使用 Sentence Transformers 和 MLflow 进行高级语义相似性分析简介

在本综合教程中深入探讨使用 Sentence Transformers 和 MLflow 进行高级语义相似性分析。

Download this Notebook

学习目标

配置 sentence-transformers 用于语义相似度分析。
探索 MLflow 中的自定义 PythonModel 实现。
使用 MLflow 记录模型和管理配置。
使用 MLflow 的功能部署和应用模型进行推理。

揭示句子变换器在自然语言处理中的力量

Sentence Transformers，是transformer模型的专门化适应版本，擅长生成语义丰富的句子嵌入。这些模型非常适合语义搜索和相似性分析，为自然语言处理任务带来了更深层次的语义理解。

#### MLflow：开创性的灵活模型管理和部署

MLflow 与 Sentence Transformers 的集成引入了增强的实验跟踪和灵活的模型管理，这对 NLP 项目至关重要。学习如何在 MLflow 中实现自定义 PythonModel，以扩展功能以满足独特需求。

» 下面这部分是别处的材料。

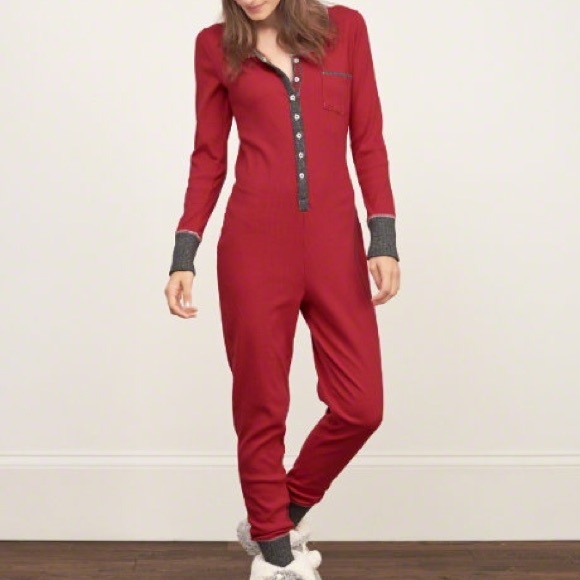 a&f red onesie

在本教程中，您将通过使用 MLflow 管理和部署复杂的 NLP 模型，获得实际操作经验，提升您在语义相似性分析和模型生命周期管理方面的技能。

[1]:

# Disable tokenizers warnings when constructing pipelines
%env TOKENIZERS_PARALLELISM=false

import warnings

# Disable a few less-than-useful UserWarnings from setuptools and pydantic
warnings.filterwarnings("ignore", category=UserWarning)

env: TOKENIZERS_PARALLELISM=false

使用 MLflow 实现自定义 SimilarityModel

了解如何使用 MLflow 的 PythonModel 创建自定义 SimilarityModel 类，以评估句子之间的语义相似性。

相似性模型概述

SimilarityModel 是一个量身定制的 Python 类，它利用了 MLflow 的灵活 PythonModel 接口。它专门设计用于封装使用复杂句子嵌入计算句子对之间语义相似性的复杂性。

自定义模型的关键组件

导入库: 从 MLflow、数据处理和 Sentence Transformers 中导入必要的库，以促进模型功能。
自定义 Python 模型 - SimilarityModel:
- load_context 方法专注于高效且安全的模型加载，这对于处理像 Sentence Transformers 这样的复杂模型至关重要。
- predict 方法配备了输入类型检查和错误处理，确保模型提供准确的余弦相似度分数，反映语义相关性。

自定义相似性模型的重要性

灵活性和定制化: 该模型的设计允许对输入和输出进行专门的处理，完美契合语义相似性任务的独特需求。
强大的错误处理：详细的输入类型检查保证了用户友好的体验，防止常见的输入错误，并确保模型行为的可预测性。
高效模型加载：通过策略性地使用 load_context 方法进行模型初始化，规避了序列化难题，确保了顺畅的操作流程。
目标功能: 自定义的 predict 方法直接计算相似度分数，展示了模型提供任务特定、可操作洞察的能力。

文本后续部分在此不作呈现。